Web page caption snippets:
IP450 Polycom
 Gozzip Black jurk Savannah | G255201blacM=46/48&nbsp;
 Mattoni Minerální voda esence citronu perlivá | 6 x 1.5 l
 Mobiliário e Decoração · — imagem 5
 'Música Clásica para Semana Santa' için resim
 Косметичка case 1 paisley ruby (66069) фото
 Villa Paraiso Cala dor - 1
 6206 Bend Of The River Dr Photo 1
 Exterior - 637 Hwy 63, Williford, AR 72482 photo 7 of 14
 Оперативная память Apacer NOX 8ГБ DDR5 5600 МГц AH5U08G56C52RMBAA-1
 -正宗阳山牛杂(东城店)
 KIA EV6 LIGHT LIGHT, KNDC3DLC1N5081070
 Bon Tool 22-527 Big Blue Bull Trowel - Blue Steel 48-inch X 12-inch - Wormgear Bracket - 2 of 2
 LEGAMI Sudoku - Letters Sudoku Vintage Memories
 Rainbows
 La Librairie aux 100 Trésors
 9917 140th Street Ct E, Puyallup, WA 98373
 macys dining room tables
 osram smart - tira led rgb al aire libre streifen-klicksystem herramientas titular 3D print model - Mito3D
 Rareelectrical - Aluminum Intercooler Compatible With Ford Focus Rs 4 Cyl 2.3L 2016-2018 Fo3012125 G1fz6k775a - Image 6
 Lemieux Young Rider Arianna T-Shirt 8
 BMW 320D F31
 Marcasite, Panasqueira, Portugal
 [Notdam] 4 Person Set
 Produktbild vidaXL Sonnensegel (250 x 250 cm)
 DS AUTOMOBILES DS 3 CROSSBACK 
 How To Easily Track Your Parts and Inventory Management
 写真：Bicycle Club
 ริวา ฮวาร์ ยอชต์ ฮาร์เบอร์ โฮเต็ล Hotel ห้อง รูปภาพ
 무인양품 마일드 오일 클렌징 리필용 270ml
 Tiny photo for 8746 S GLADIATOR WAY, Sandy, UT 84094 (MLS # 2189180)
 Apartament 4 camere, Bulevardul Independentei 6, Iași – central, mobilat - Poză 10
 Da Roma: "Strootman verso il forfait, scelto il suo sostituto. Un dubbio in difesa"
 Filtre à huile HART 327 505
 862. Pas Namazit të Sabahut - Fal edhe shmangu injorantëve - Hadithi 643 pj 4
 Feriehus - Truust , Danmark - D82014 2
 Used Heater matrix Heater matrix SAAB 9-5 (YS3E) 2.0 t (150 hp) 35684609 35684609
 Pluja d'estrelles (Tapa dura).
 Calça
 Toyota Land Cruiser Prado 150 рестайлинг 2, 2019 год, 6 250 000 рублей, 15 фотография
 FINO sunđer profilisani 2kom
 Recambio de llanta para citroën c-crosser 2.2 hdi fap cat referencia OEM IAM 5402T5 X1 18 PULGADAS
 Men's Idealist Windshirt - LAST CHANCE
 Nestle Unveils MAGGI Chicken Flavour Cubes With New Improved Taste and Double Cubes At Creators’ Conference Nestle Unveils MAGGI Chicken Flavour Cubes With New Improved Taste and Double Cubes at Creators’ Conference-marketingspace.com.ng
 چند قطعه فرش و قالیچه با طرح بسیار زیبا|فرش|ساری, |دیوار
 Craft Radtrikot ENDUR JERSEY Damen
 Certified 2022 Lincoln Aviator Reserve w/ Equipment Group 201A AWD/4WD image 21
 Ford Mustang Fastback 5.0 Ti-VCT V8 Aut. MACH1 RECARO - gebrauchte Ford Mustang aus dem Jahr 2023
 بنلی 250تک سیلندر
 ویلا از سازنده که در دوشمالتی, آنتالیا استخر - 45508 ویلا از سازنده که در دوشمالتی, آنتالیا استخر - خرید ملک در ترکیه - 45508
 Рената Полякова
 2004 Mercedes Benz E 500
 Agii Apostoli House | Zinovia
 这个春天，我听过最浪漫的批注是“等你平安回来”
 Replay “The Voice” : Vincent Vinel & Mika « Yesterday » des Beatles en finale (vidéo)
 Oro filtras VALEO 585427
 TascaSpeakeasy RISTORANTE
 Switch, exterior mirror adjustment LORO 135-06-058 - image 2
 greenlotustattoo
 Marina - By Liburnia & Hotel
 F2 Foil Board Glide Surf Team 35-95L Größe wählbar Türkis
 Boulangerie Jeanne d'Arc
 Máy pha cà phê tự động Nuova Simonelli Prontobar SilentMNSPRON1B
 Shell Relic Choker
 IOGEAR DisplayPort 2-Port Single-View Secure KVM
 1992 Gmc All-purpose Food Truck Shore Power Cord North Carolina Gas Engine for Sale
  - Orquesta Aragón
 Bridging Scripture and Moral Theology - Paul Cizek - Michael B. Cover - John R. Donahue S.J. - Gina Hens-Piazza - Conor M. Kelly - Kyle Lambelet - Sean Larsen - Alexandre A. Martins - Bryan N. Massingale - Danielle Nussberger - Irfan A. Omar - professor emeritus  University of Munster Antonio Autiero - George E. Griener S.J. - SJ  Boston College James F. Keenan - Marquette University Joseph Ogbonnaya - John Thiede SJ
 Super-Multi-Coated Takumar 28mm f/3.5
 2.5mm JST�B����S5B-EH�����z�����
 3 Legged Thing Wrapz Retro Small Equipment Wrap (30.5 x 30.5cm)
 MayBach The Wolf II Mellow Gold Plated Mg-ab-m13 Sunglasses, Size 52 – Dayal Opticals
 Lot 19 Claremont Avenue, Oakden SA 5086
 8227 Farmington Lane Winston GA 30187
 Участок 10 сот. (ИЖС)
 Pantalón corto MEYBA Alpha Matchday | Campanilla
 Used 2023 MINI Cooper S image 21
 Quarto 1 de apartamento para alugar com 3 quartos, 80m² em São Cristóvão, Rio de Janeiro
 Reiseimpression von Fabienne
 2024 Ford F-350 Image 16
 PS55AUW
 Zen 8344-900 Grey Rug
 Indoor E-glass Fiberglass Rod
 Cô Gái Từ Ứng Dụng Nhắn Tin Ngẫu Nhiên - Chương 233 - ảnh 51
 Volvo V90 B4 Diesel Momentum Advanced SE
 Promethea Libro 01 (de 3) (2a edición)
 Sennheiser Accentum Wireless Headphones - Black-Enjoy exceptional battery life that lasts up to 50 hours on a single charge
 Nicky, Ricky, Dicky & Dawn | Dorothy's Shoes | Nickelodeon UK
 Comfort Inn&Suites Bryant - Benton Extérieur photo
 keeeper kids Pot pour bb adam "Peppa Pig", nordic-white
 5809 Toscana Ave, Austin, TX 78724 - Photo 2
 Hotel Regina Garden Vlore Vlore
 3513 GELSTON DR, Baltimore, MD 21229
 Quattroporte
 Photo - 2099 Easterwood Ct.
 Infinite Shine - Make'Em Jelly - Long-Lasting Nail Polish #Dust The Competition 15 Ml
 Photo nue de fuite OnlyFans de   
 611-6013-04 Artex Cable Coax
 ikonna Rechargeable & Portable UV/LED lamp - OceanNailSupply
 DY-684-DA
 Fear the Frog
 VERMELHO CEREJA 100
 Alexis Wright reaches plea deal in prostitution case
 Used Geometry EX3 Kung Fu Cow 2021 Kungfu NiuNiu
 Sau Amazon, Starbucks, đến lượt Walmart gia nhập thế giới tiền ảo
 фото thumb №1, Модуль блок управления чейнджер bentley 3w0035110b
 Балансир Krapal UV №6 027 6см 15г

_What the task asks:_
Retype the data exactly as it reads.

_Answer space:_
IP450 Polycom
 Gozzip Black jurk Savannah | G255201blacM=46/48&nbsp;
 Mattoni Minerální voda esence citronu perlivá | 6 x 1.5 l
 Mobiliário e Decoração · — imagem 5
 'Música Clásica para Semana Santa' için resim
 Косметичка case 1 paisley ruby (66069) фото
 Villa Paraiso Cala dor - 1
 6206 Bend Of The River Dr Photo 1
 Exterior - 637 Hwy 63, Williford, AR 72482 photo 7 of 14
 Оперативная память Apacer NOX 8ГБ DDR5 5600 МГц AH5U08G56C52RMBAA-1
 -正宗阳山牛杂(东城店)
 KIA EV6 LIGHT LIGHT, KNDC3DLC1N5081070
 Bon Tool 22-527 Big Blue Bull Trowel - Blue Steel 48-inch X 12-inch - Wormgear Bracket - 2 of 2
 LEGAMI Sudoku - Letters Sudoku Vintage Memories
 Rainbows
 La Librairie aux 100 Trésors
 9917 140th Street Ct E, Puyallup, WA 98373
 macys dining room tables
 osram smart - tira led rgb al aire libre streifen-klicksystem herramientas titular 3D print model - Mito3D
 Rareelectrical - Aluminum Intercooler Compatible With Ford Focus Rs 4 Cyl 2.3L 2016-2018 Fo3012125 G1fz6k775a - Image 6
 Lemieux Young Rider Arianna T-Shirt 8
 BMW 320D F31
 Marcasite, Panasqueira, Portugal
 [Notdam] 4 Person Set
 Produktbild vidaXL Sonnensegel (250 x 250 cm)
 DS AUTOMOBILES DS 3 CROSSBACK 
 How To Easily Track Your Parts and Inventory Management
 写真：Bicycle Club
 ริวา ฮวาร์ ยอชต์ ฮาร์เบอร์ โฮเต็ล Hotel ห้อง รูปภาพ
 무인양품 마일드 오일 클렌징 리필용 270ml
 Tiny photo for 8746 S GLADIATOR WAY, Sandy, UT 84094 (MLS # 2189180)
 Apartament 4 camere, Bulevardul Independentei 6, Iași – central, mobilat - Poză 10
 Da Roma: "Strootman verso il forfait, scelto il suo sostituto. Un dubbio in difesa"
 Filtre à huile HART 327 505
 862. Pas Namazit të Sabahut - Fal edhe shmangu injorantëve - Hadithi 643 pj 4
 Feriehus - Truust , Danmark - D82014 2
 Used Heater matrix Heater matrix SAAB 9-5 (YS3E) 2.0 t (150 hp) 35684609 35684609
 Pluja d'estrelles (Tapa dura).
 Calça
 Toyota Land Cruiser Prado 150 рестайлинг 2, 2019 год, 6 250 000 рублей, 15 фотография
 FINO sunđer profilisani 2kom
 Recambio de llanta para citroën c-crosser 2.2 hdi fap cat referencia OEM IAM 5402T5 X1 18 PULGADAS
 Men's Idealist Windshirt - LAST CHANCE
 Nestle Unveils MAGGI Chicken Flavour Cubes With New Improved Taste and Double Cubes At Creators’ Conference Nestle Unveils MAGGI Chicken Flavour Cubes With New Improved Taste and Double Cubes at Creators’ Conference-marketingspace.com.ng
 چند قطعه فرش و قالیچه با طرح بسیار زیبا|فرش|ساری, |دیوار
 Craft Radtrikot ENDUR JERSEY Damen
 Certified 2022 Lincoln Aviator Reserve w/ Equipment Group 201A AWD/4WD image 21
 Ford Mustang Fastback 5.0 Ti-VCT V8 Aut. MACH1 RECARO - gebrauchte Ford Mustang aus dem Jahr 2023
 بنلی 250تک سیلندر
 ویلا از سازنده که در دوشمالتی, آنتالیا استخر - 45508 ویلا از سازنده که در دوشمالتی, آنتالیا استخر - خرید ملک در ترکیه - 45508
 Рената Полякова
 2004 Mercedes Benz E 500
 Agii Apostoli House | Zinovia
 这个春天，我听过最浪漫的批注是“等你平安回来”
 Replay “The Voice” : Vincent Vinel & Mika « Yesterday » des Beatles en finale (vidéo)
 Oro filtras VALEO 585427
 TascaSpeakeasy RISTORANTE
 Switch, exterior mirror adjustment LORO 135-06-058 - image 2
 greenlotustattoo
 Marina - By Liburnia & Hotel
 F2 Foil Board Glide Surf Team 35-95L Größe wählbar Türkis
 Boulangerie Jeanne d'Arc
 Máy pha cà phê tự động Nuova Simonelli Prontobar SilentMNSPRON1B
 Shell Relic Choker
 IOGEAR DisplayPort 2-Port Single-View Secure KVM
 1992 Gmc All-purpose Food Truck Shore Power Cord North Carolina Gas Engine for Sale
  - Orquesta Aragón
 Bridging Scripture and Moral Theology - Paul Cizek - Michael B. Cover - John R. Donahue S.J. - Gina Hens-Piazza - Conor M. Kelly - Kyle Lambelet - Sean Larsen - Alexandre A. Martins - Bryan N. Massingale - Danielle Nussberger - Irfan A. Omar - professor emeritus  University of Munster Antonio Autiero - George E. Griener S.J. - SJ  Boston College James F. Keenan - Marquette University Joseph Ogbonnaya - John Thiede SJ
 Super-Multi-Coated Takumar 28mm f/3.5
 2.5mm JST�B����S5B-EH�����z�����
 3 Legged Thing Wrapz Retro Small Equipment Wrap (30.5 x 30.5cm)
 MayBach The Wolf II Mellow Gold Plated Mg-ab-m13 Sunglasses, Size 52 – Dayal Opticals
 Lot 19 Claremont Avenue, Oakden SA 5086
 8227 Farmington Lane Winston GA 30187
 Участок 10 сот. (ИЖС)
 Pantalón corto MEYBA Alpha Matchday | Campanilla
 Used 2023 MINI Cooper S image 21
 Quarto 1 de apartamento para alugar com 3 quartos, 80m² em São Cristóvão, Rio de Janeiro
 Reiseimpression von Fabienne
 2024 Ford F-350 Image 16
 PS55AUW
 Zen 8344-900 Grey Rug
 Indoor E-glass Fiberglass Rod
 Cô Gái Từ Ứng Dụng Nhắn Tin Ngẫu Nhiên - Chương 233 - ảnh 51
 Volvo V90 B4 Diesel Momentum Advanced SE
 Promethea Libro 01 (de 3) (2a edición)
 Sennheiser Accentum Wireless Headphones - Black-Enjoy exceptional battery life that lasts up to 50 hours on a single charge
 Nicky, Ricky, Dicky & Dawn | Dorothy's Shoes | Nickelodeon UK
 Comfort Inn&Suites Bryant - Benton Extérieur photo
 keeeper kids Pot pour bb adam "Peppa Pig", nordic-white
 5809 Toscana Ave, Austin, TX 78724 - Photo 2
 Hotel Regina Garden Vlore Vlore
 3513 GELSTON DR, Baltimore, MD 21229
 Quattroporte
 Photo - 2099 Easterwood Ct.
 Infinite Shine - Make'Em Jelly - Long-Lasting Nail Polish #Dust The Competition 15 Ml
 Photo nue de fuite OnlyFans de   
 611-6013-04 Artex Cable Coax
 ikonna Rechargeable & Portable UV/LED lamp - OceanNailSupply
 DY-684-DA
 Fear the Frog
 VERMELHO CEREJA 100
 Alexis Wright reaches plea deal in prostitution case
 Used Geometry EX3 Kung Fu Cow 2021 Kungfu NiuNiu
 Sau Amazon, Starbucks, đến lượt Walmart gia nhập thế giới tiền ảo
 фото thumb №1, Модуль блок управления чейнджер bentley 3w0035110b
 Балансир Krapal UV №6 027 6см 15г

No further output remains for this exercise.